━━━━━ INPUT FOR THIS TASK

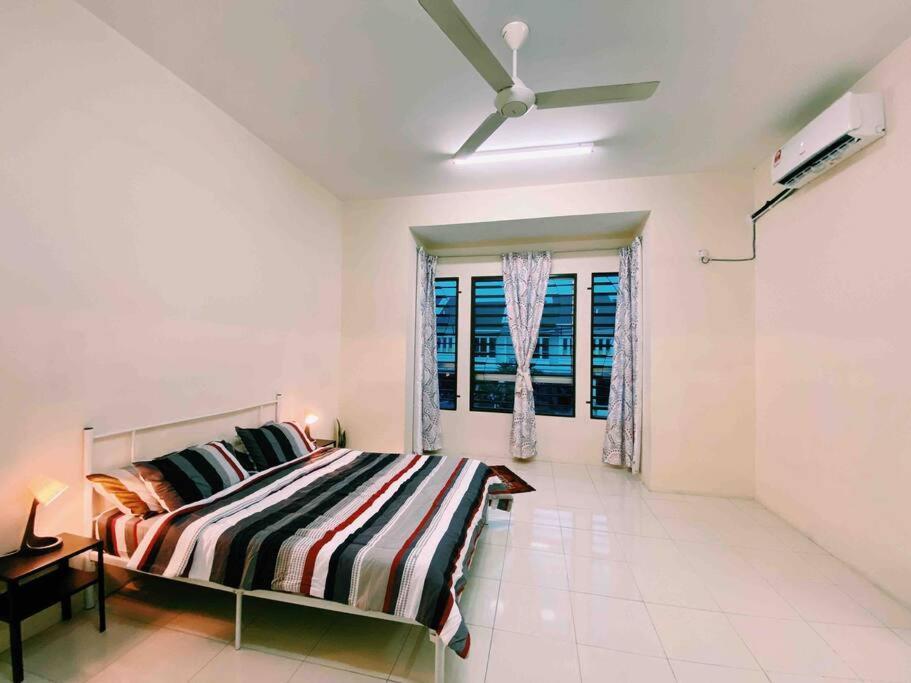 Spacious Cozy Lakeville Homestay 4 Bedrooms All With Aircond Seri Iskandar Eksteriør billede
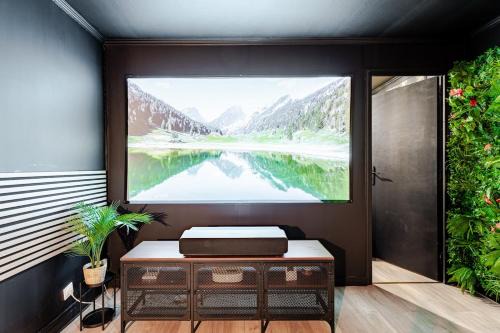 Quartier Chorier-Berriat Apartment | Secret SPA Jacuzzi & Cinema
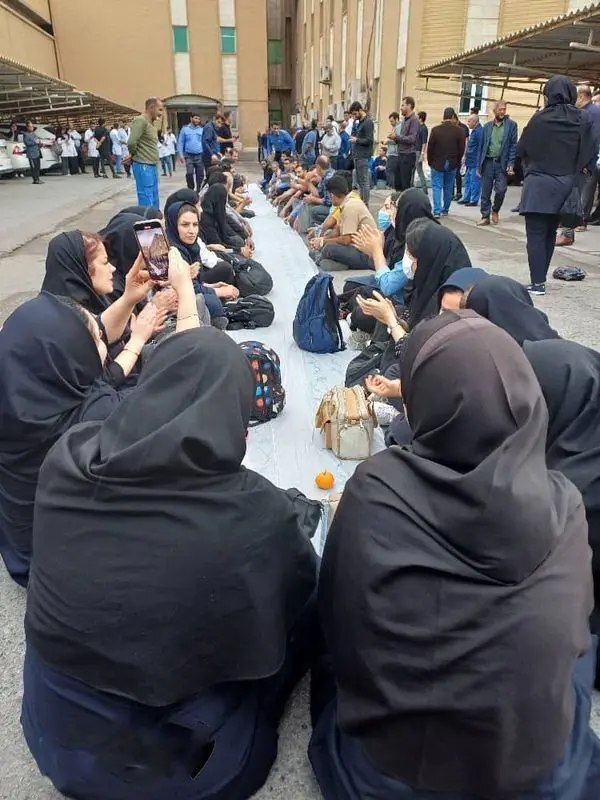 نشستن پرستاران دور سفره‌ خالی؛ «حقوق ما ریالیه، هزینه‌ها دلاریه»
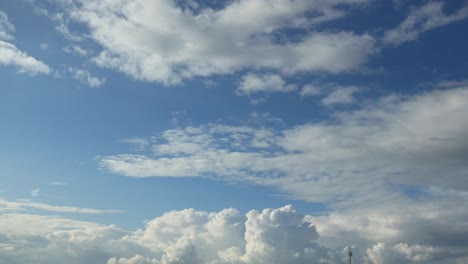 Wachsende-Und-Anschwellende-Dramatische-Langsame-Cumulus-Wolkenbildung-Zeitraffer-Vergeht-Mit-Niederschlag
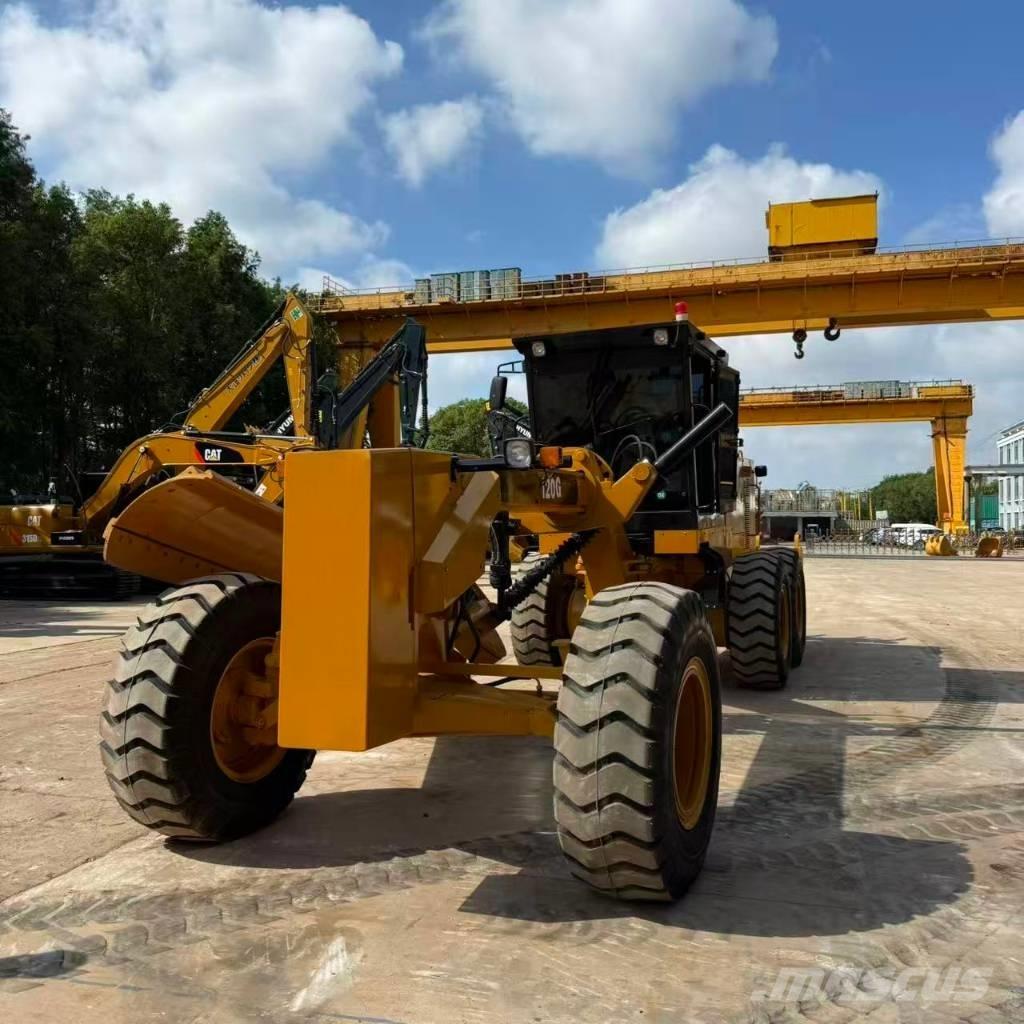 CAT 120 G Motoniveladoras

━━━━━━━━━━

INSTRUCTIONS TO FOLLOW ::
Return word for word the line bearing "Quartier Chorier-Berriat Apartment" and every later line of the entries, but none of the pictures.

WORKED SOLUTION ::
 Quartier Chorier-Berriat Apartment | Secret SPA Jacuzzi & Cinema
 نشستن پرستاران دور سفره‌ خالی؛ «حقوق ما ریالیه، هزینه‌ها دلاریه»
 Wachsende-Und-Anschwellende-Dramatische-Langsame-Cumulus-Wolkenbildung-Zeitraffer-Vergeht-Mit-Niederschlag
 CAT 120 G Motoniveladoras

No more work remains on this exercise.